Отдельная реальность: Дальнейшие беседы с доном Хуаном (Кастанеда) - страница 101

— Быть отшельником — это индульгирование, и я никогда не имел этого в виду. Отшельник не отрешен, потому что по собственному желанию предался[11] тому, чтобы быть отшельником.

Только идея смерти делает человека достаточно отрешенным для того, чтобы он был неспособен предаваться чему-либо. Только идея смерти делает человека настолько отрешенным, что он не может от чего-либо отказываться, однако у такого человека нет страстных желаний, так как он обрел молчаливую страсть к жизни и ко всему, что в ней есть. Он знает, что смерть выслеживает его и не даст времени привязаться к чему-либо; и поэтому он пробует все из всего, что есть. У отрешенного человека, знающего, что невозможно отвести смерть, есть только одна поддержка — сила его решений. Он должен быть, так сказать, мастером своего выбора. Он должен полностью понимать, что его выбор — это его ответственность, и что если он однажды сделал его, то у него нет больше времени для сожалений или упреков в свой адрес. Его решения окончательны просто потому, что его смерть не дает ему времени привязаться к чему-либо.

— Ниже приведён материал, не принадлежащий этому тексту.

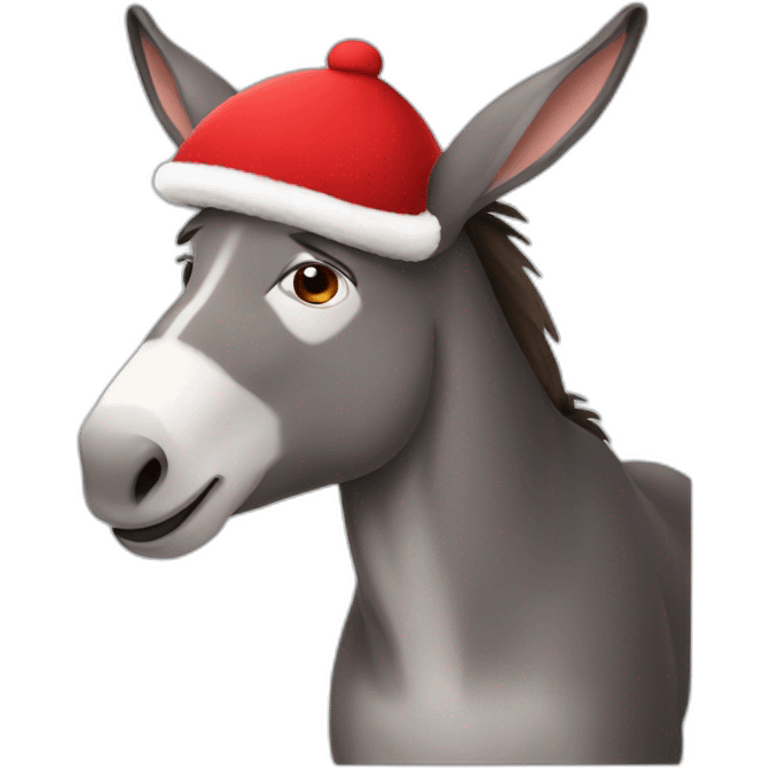 Donkey wearing a red chapka emoji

И, таким образом, с осознанием своей смерти, со своей отрешенностью и силой своих решений воин размечает свою жизнь стратегически. Знание о своей смерти ведет его, делает его отрешенным и молчаливо страждущим, сила его окончательных решений делает его способным выбирать без сожалений, и то, что он выбирает, стратегически всегда самое лучшее. Поэтому он выполняет все со вкусом и страстной эффективностью.

Когда человек ведет себя таким образом, то можно смело сказать, что он — воин, и что он обрел терпение!

Дон Хуан спросил меня, не хочу ли я что-нибудь сказать, и я заметил, что задача, которую он только что описал, отнимет всю жизнь. Он сказал, что, хотя я слишком много возражаю ему, он знает, что в повседневной жизни я веду себя, или, по крайней мере, стараюсь вести себя как воин.

— У тебя достаточно хорошие когти, — сказал он, смеясь. — Показывай их мне время от времени. Это хорошая практика.

Я сделал жест, изображая когти, и зарычал. Он засмеялся. Затем он откашлялся и продолжал:

— Когда воин обрел терпение, он на пути к своей воле. Он знает, как ждать. Его смерть сидит рядом с ним на его циновке. Они друзья. Смерть загадочным образом советует ему, как выбирать, как жить стратегически. И воин ждет! Я бы сказал, что воин учится без всякой спешки, потому что он знает, что он ждет свою волю. Однажды он добьется успеха в свершении чего-то, что обычно совершенно невозможно выполнить. Он может даже не заметить своего необычного поступка. Но по мере того, как он продолжает совершать необычные поступки, или по мере того, как необычные вещи продолжают случаться с ним, он начинает сознавать проявление какой-то силы, силы исходящей из его тела по мере его прогресса на пути знания. Сначала она подобна зуду на животе или жжению, которое нельзя успокоить. Затем это становится болью, большим неудобством. Иногда боль и неудобство так велики, что у воина бывают конвульсии в течение месяцев. Чем сильнее конвульсии, тем лучше для него. Отличной воле всегда предшествует сильная боль.